#### DESCRIPTION OF THE TASK:
Output exactly the lines below from the one containing "Glasaward String-Art –" to the last line, both included. Omit pictures.

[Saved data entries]

· · · · · · ·

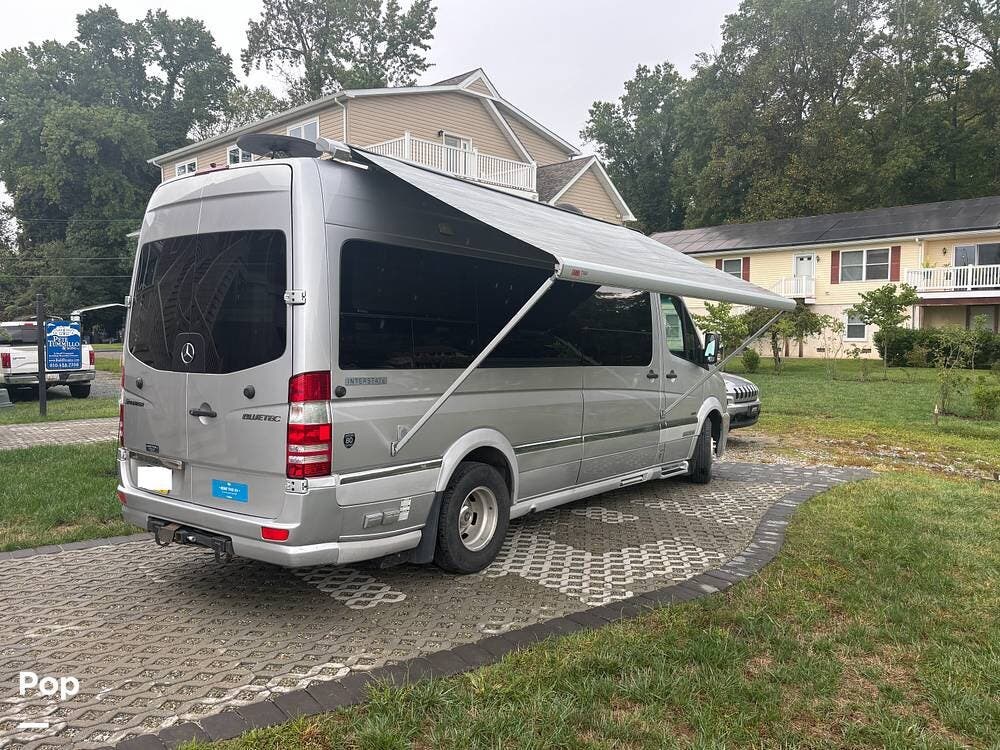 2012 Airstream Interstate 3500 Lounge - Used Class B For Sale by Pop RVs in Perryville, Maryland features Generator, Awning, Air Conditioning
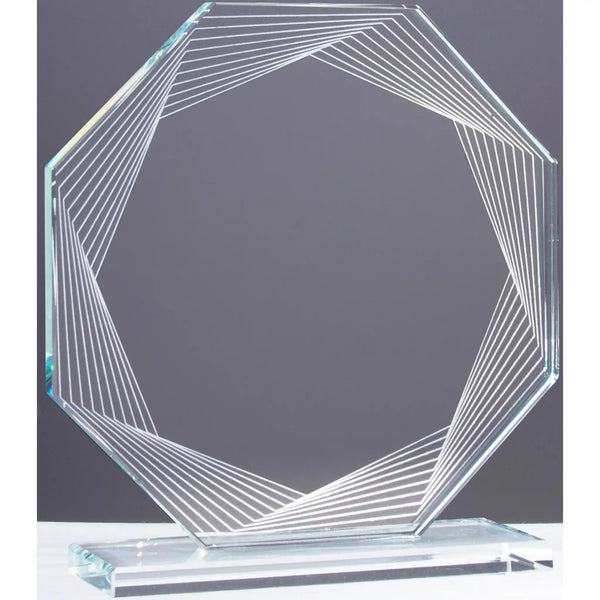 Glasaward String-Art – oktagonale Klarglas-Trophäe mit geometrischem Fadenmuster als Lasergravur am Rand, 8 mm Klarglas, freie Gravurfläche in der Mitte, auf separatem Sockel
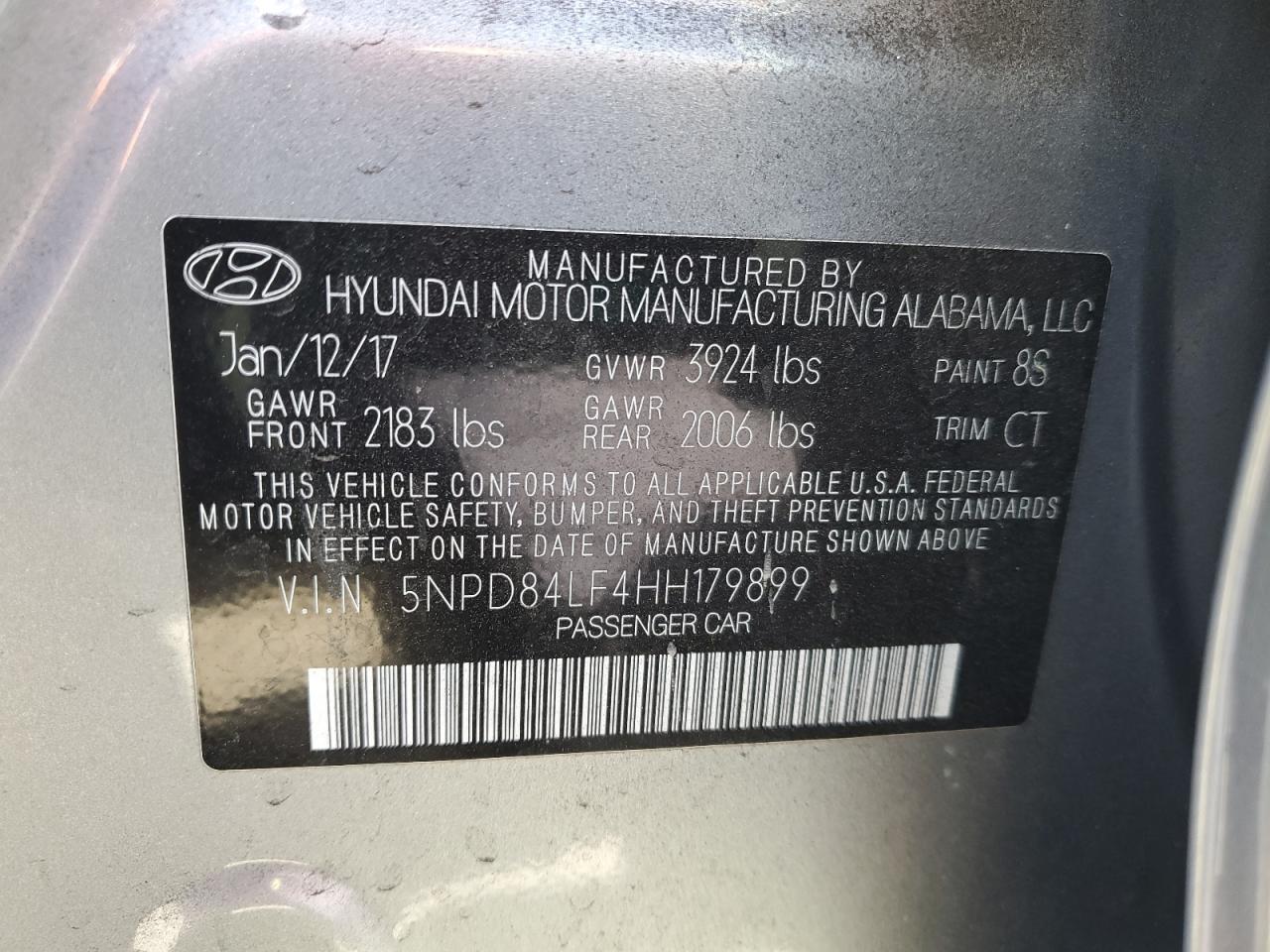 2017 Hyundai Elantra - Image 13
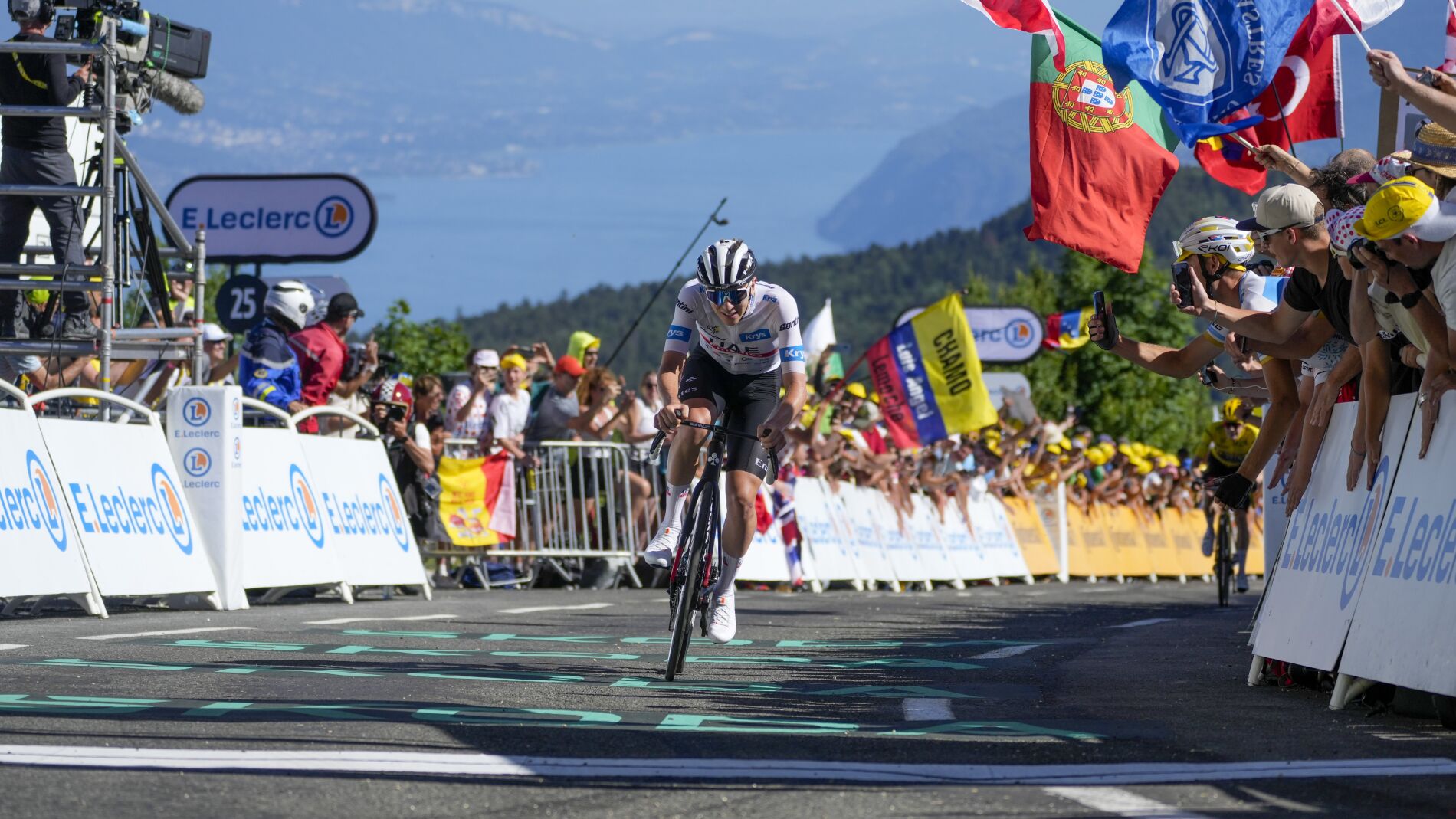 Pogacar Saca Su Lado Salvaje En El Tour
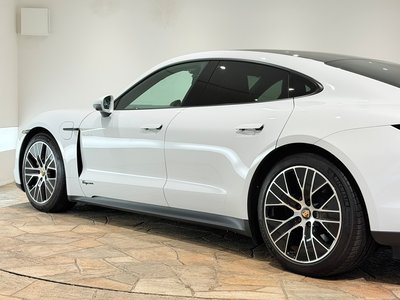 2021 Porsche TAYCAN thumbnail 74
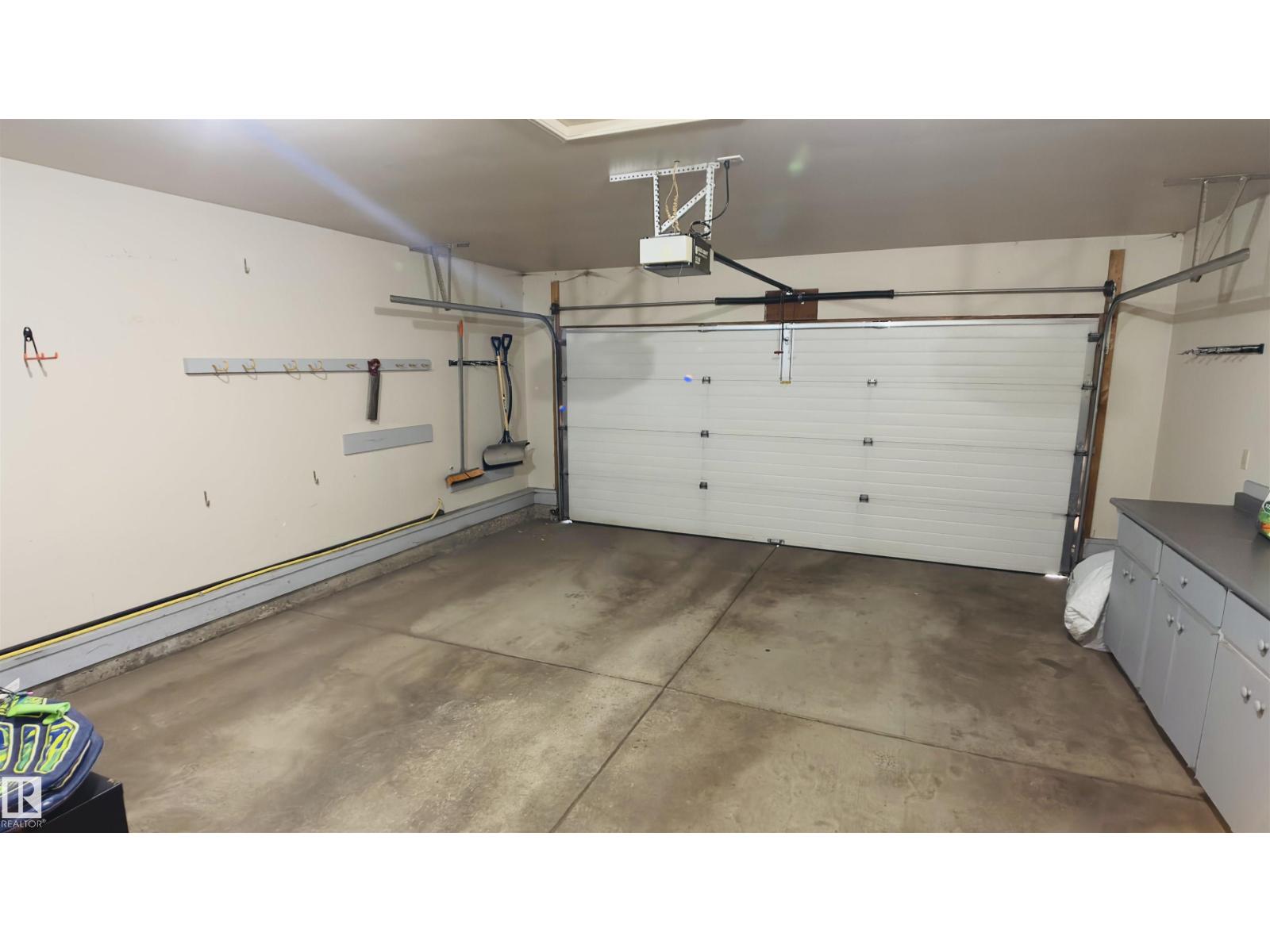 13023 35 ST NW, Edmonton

· · · · · · ·

#### SOLUTION BELOW:
 Glasaward String-Art – oktagonale Klarglas-Trophäe mit geometrischem Fadenmuster als Lasergravur am Rand, 8 mm Klarglas, freie Gravurfläche in der Mitte, auf separatem Sockel
 2017 Hyundai Elantra - Image 13
 Pogacar Saca Su Lado Salvaje En El Tour
 2021 Porsche TAYCAN thumbnail 74
 13023 35 ST NW, Edmonton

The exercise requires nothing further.